Tuesday, June 21, 2011

Firewall ACLs and Intrusion Detection on Virtual Networks With VMsafe Tools

In the physical world, we could save billions by forgoing firewall budgets and instead relying on host based firewalls for enforcement of access controls. We don't, of course, for several reasons including the notion of mandatory access control - hosts can't easily disable or tamper with physical firewalls in their path. Physical firewall and IDS/IPS devices also provide scalable management and reporting features that are important in the enterprise.

In the virtual world, there are an increasing number of firewall and intrusion detection / prevention products for VMware environments which utilize the VMsafe APIs. These products provide layer 3 and 4 access controls (ACLs) and intrusion detection / prevention to vNetworks. The vSwitch and dvSwitch are essentially layer two devices (of a different sort; unlike their physical world counterparts, they are not learning switches, as there is no need - the hypervisor already knows everyone's MAC address). Layer three capabilities have long been provided by virtual firewall appliances or by routing different VLAN backed portgroups through pFirewalls. The notion of enforcing security in the virtual machine monitor, or VMM, may date back to a 2002 paper - in which the diagram above appears - available at Stanford. Enforcing access controls in the monitor provides for mandatory access control, unlike host firewalls running in the guests, and has numerous advantages. With ACLs enforced in the monitor, it is no longer critical to consider portgroup placement with respect to virtual firewall appliances or pFirewalls enforcing ACLs between VLAN backed portgroups or worry about associated misconfiguration accidents. Management is simpler without the supermassive firewall rulesets that can be a fixture of pFirewalls attempting to regulate virtual networks. Performance and scalability limitations of virtual firewall appliances becomes moot. Firewall policy is enforced by the monitor and travels with a guest when it changes hosts or portgroups. From the guest OS perspective, it looks like a pFirewall has been attached to its vNIC. Another advantage, of course, is that traffic between guests can be inspected and regulated when no firewall, virtual or physical, sits in their path. Virtual networks can be instrumented, monitored and regulated as thoroughly as in physical networks.

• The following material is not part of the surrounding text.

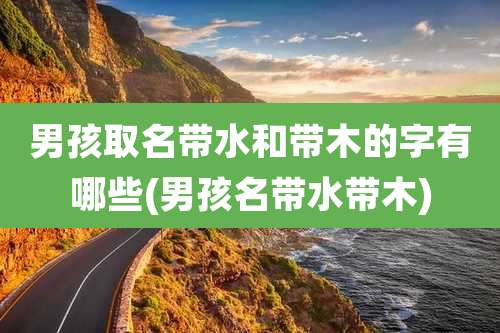 男孩取名带水和带木的字有哪些(男孩名带水带木)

Last year I began working with one of the first VMsafe firewall/IDS products from Altor (now Juniper) in order to meet complex security requirements in virtual networks and generally enjoy more enterprise-like security capabilities as we're accustomed to having in the physical world. The Juniper product has a rich policy model and can automatically apply firewall policies based on a guest's name, portgroup, operating system, and so on. Policies can, of course, also be applied to individual VMs or to static or dynamic groups. Numerous external integrations are available; packet data can be fed to a Snort instance, or Juniper IDP device, or to a sniffer like Wireshark or Network Monitor. Syslog event feeds can be directed to log aggregation or security event/information managers. Netflow collection and export is also supported; netflow v9 can be exported to a netflow analysis tool. The management UI has a decent interface for query, retrieval and analysis of firewall and IDS event data for cases where it is necessary to perform network forensics using the firewall manager alone.

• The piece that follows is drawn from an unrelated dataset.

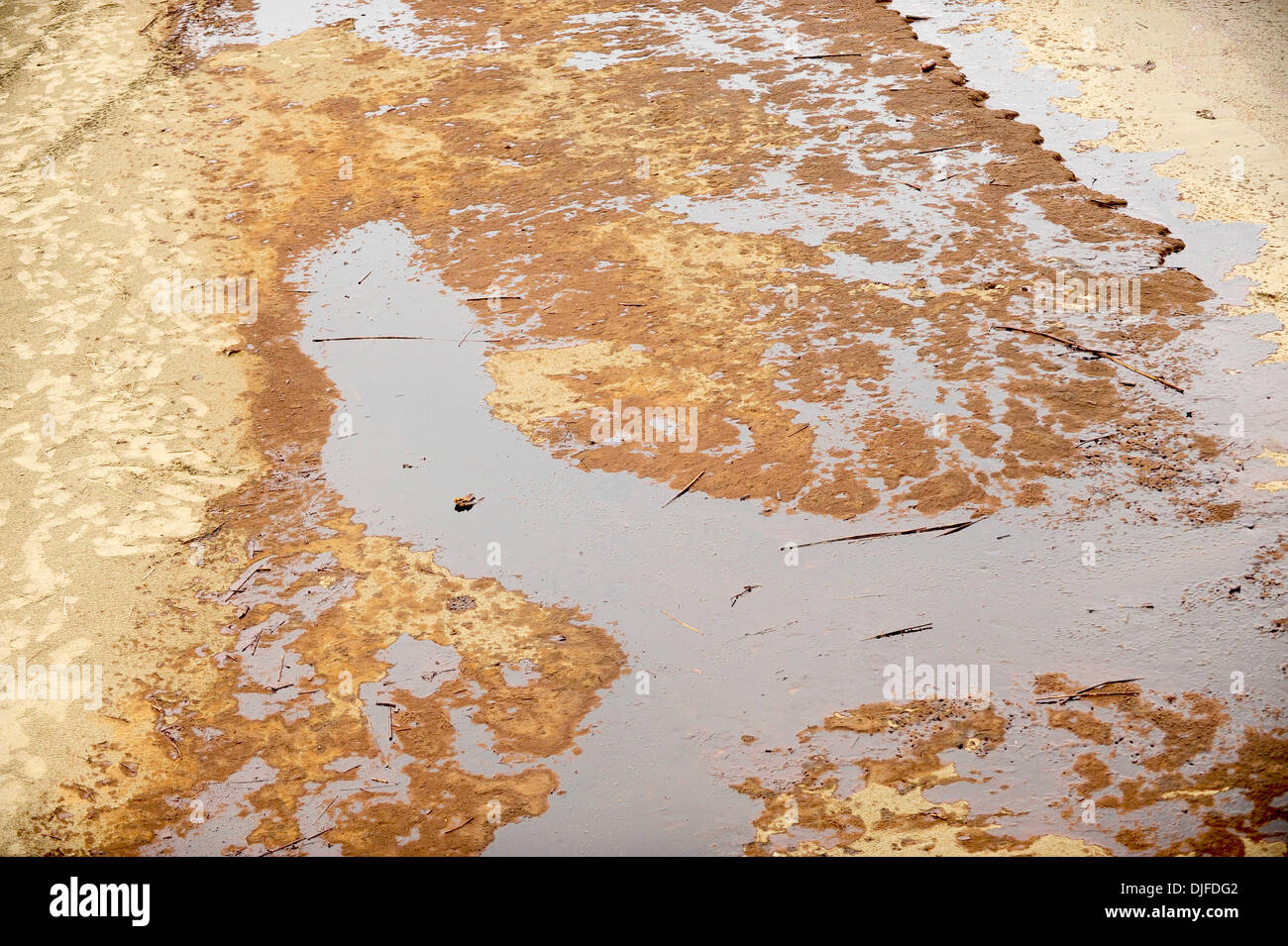 Thick pools of oil formed on Grand Isle beach as oil washed onshore ...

Possibly the most compelling feature, for cloud projects, is an API that allows for automation. The Firewall management server has an authenticated web service API that provides for programmatic access. Virtual machines' firewall policies can be configured and assigned by external orchestration tools and applications, using the API, in order to permit cloud consumers to self-provision virtual machines with pre-assigned firewall policies without waiting for manual intervention by a firewall or network administrator.

The vFirewalls and their policies can fail open or closed; guests with no associated policy can receive a restrictive default policy to prevent fail-open conditions and connectivity can be denied if someone tries to bypass security policy by adding hosts without firewall modules to a cluster as shown in the adjacent screenshot. A "monitor only" mode of operation is available for cases where monitoring without ACL enforcement is required - useful for environments just beginning to develop firewall policies for their virtualized applications.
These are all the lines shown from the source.